(Image-caption web data)
........

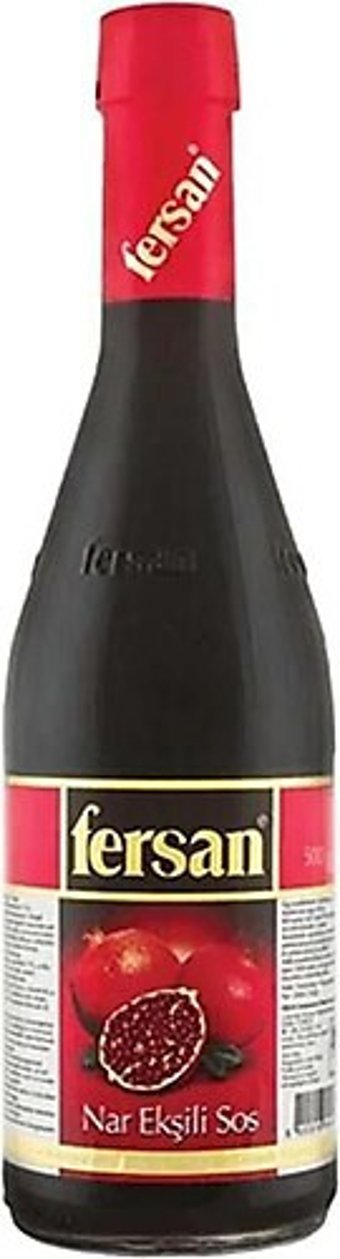 Fersan Nar Ekşisi 660 ml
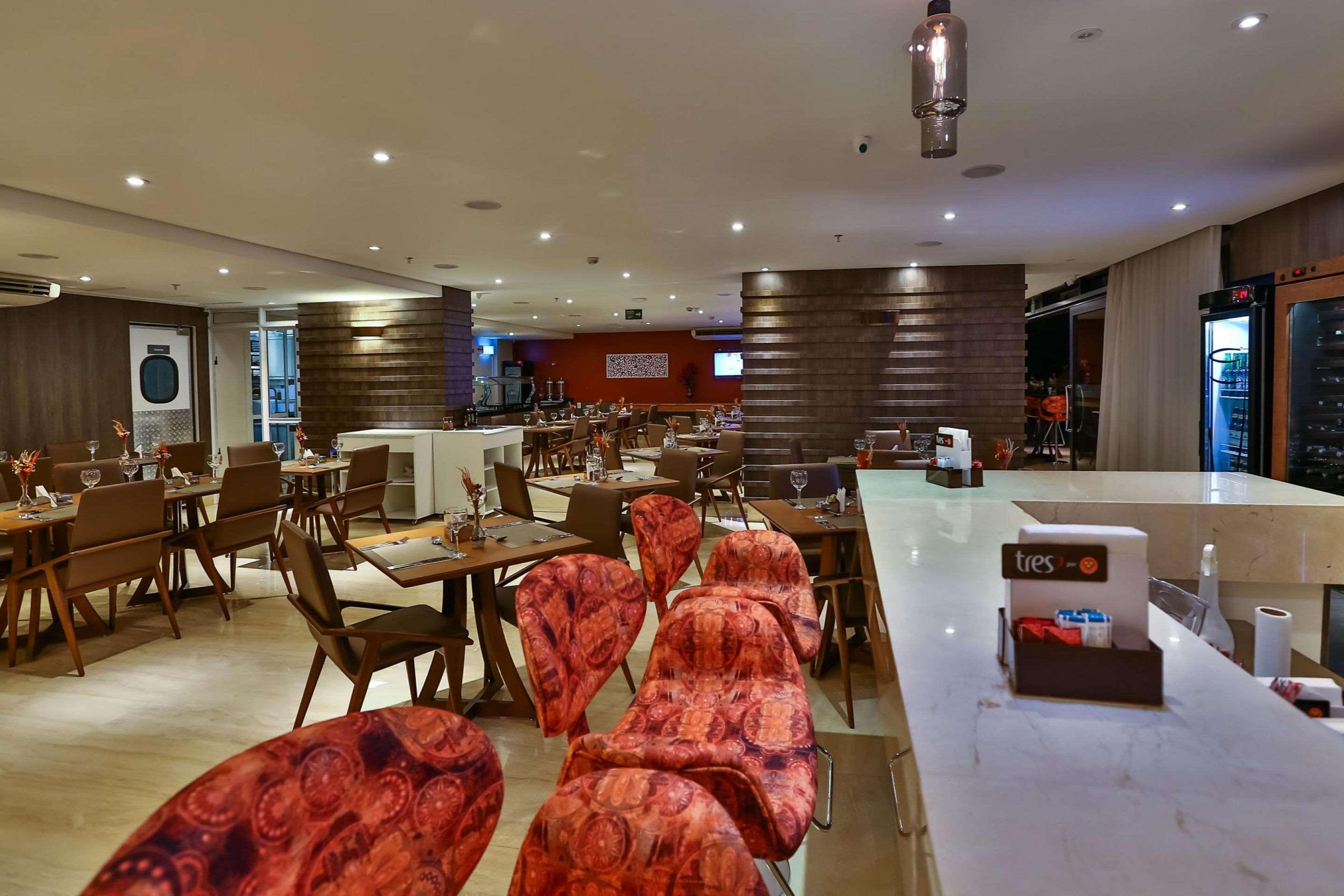 Quality Flamboyant Hotel 4*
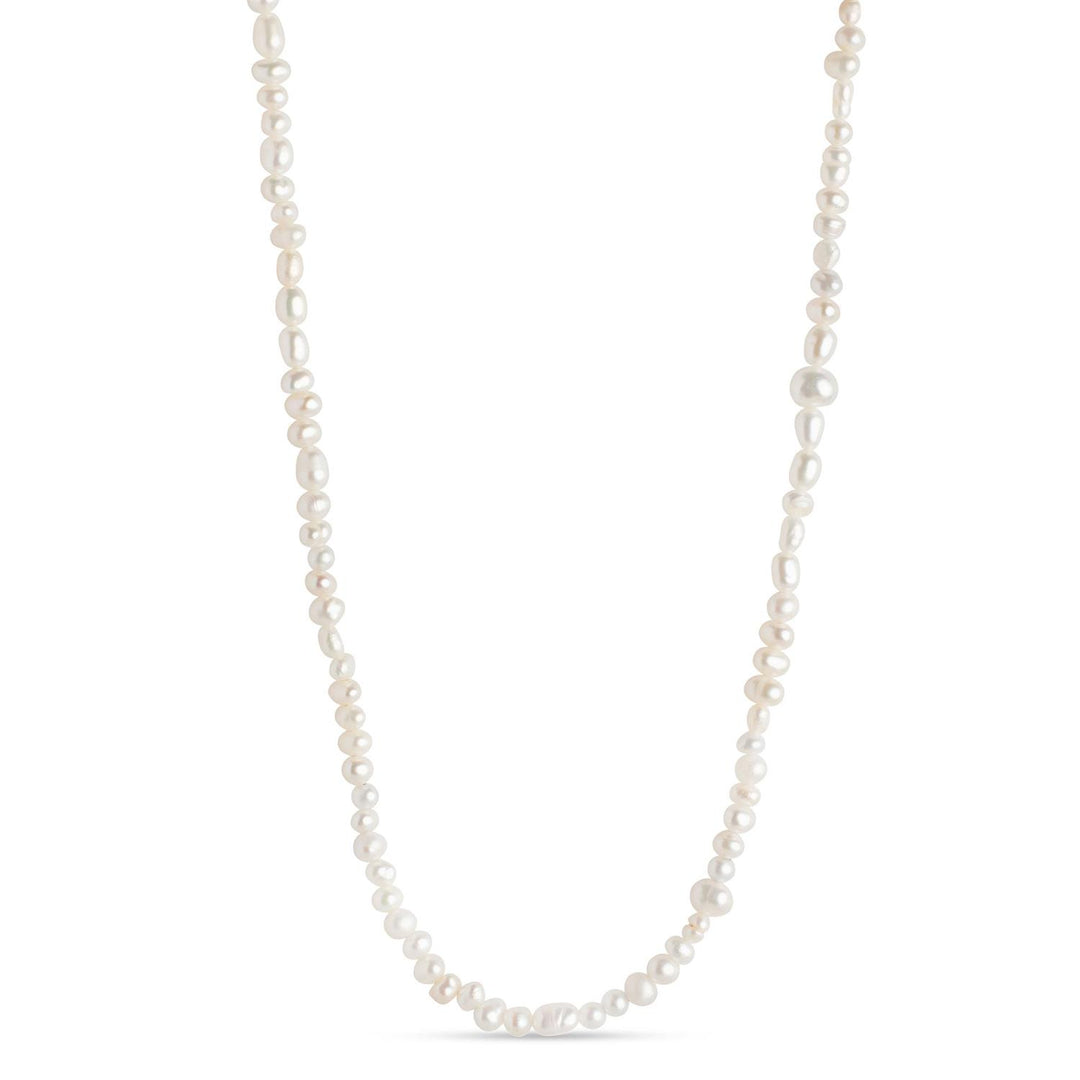 Sonja Pearl Necklace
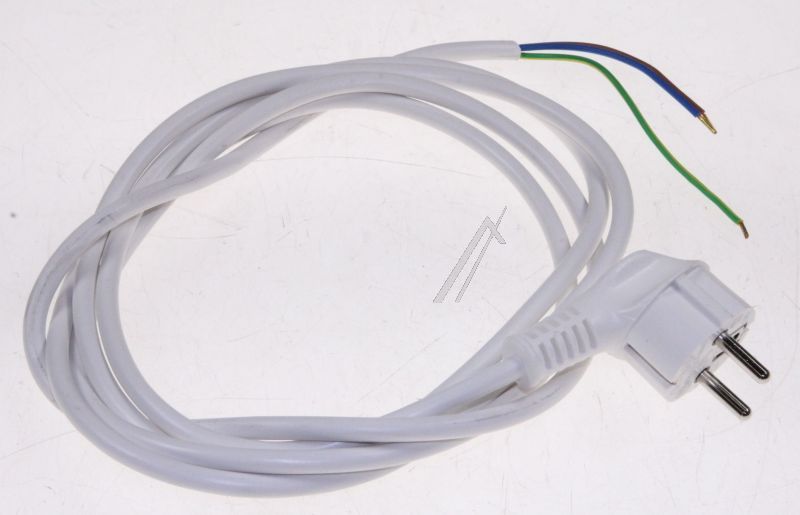 Whirlpool Indesit 482000025924 Netzkabel - C00008598 netzanschlusskabel (3 x 0,75/2500) Whirlpool Indesit 482000025924 Netzkabel - C00008598 netzanschlusskabel (3 x 0,75/2500)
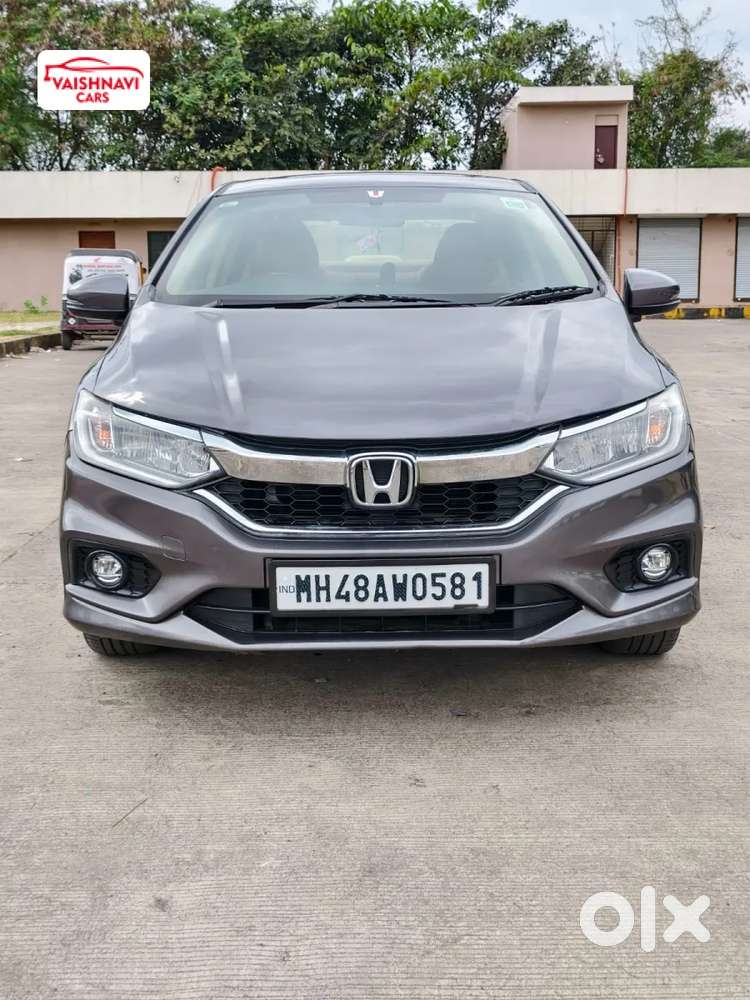 Honda City I Dtec Vx, 2017, Diesel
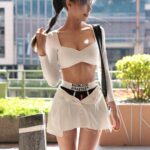 Cathryn Li Instagram - 在嗎？點個贊😊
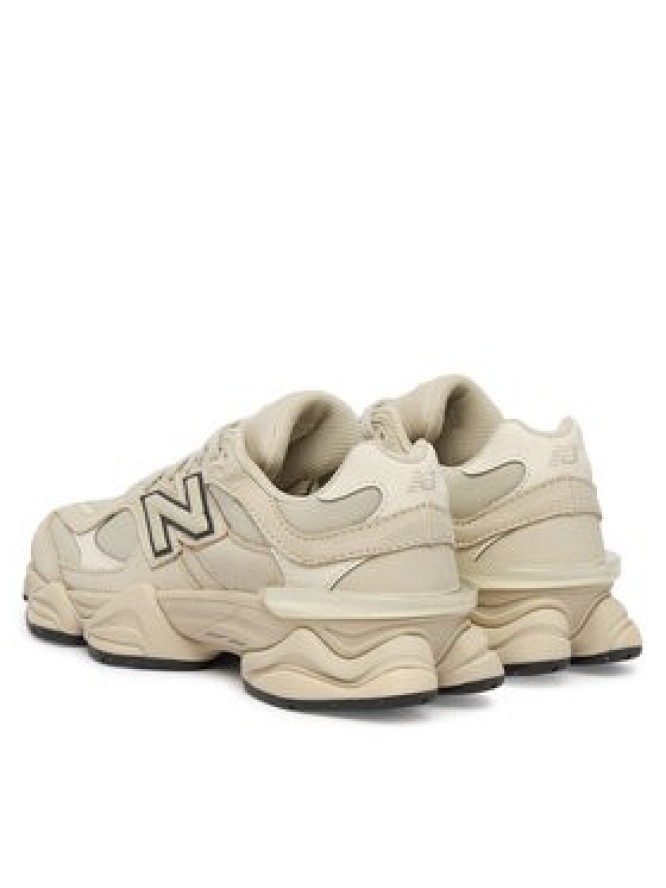 New Balance Sneakersy U906078T Beżowy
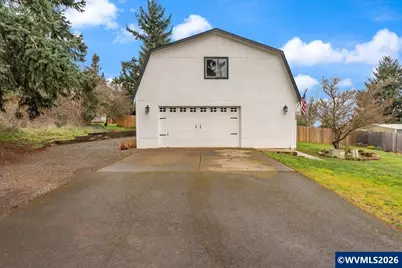 135 Steelhammer Rd, Silverton, OR 97381 - Photo 26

........

#### [TRY IT]
Repeat each of the entries above exactly, but do not carry over the pictures.

#### [SOLUTION TO THIS EXERCISE]
 Fersan Nar Ekşisi 660 ml
 Quality Flamboyant Hotel 4*
 Sonja Pearl Necklace
 Whirlpool Indesit 482000025924 Netzkabel - C00008598 netzanschlusskabel (3 x 0,75/2500) Whirlpool Indesit 482000025924 Netzkabel - C00008598 netzanschlusskabel (3 x 0,75/2500)
 Honda City I Dtec Vx, 2017, Diesel
 Cathryn Li Instagram - 在嗎？點個贊😊
 New Balance Sneakersy U906078T Beżowy
 135 Steelhammer Rd, Silverton, OR 97381 - Photo 26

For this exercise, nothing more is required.